Restate word for word the line with "An instructor pulls" and the rest of the listing after it, ending at the final line, and include nothing else.

-- Information shown follows --

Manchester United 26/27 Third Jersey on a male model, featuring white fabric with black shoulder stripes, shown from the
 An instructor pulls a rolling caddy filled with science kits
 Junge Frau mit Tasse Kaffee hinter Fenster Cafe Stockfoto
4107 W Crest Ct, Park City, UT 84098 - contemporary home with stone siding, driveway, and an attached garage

-- Information shown concluded --

> Response to the exercise:
 An instructor pulls a rolling caddy filled with science kits
 Junge Frau mit Tasse Kaffee hinter Fenster Cafe Stockfoto
4107 W Crest Ct, Park City, UT 84098 - contemporary home with stone siding, driveway, and an attached garage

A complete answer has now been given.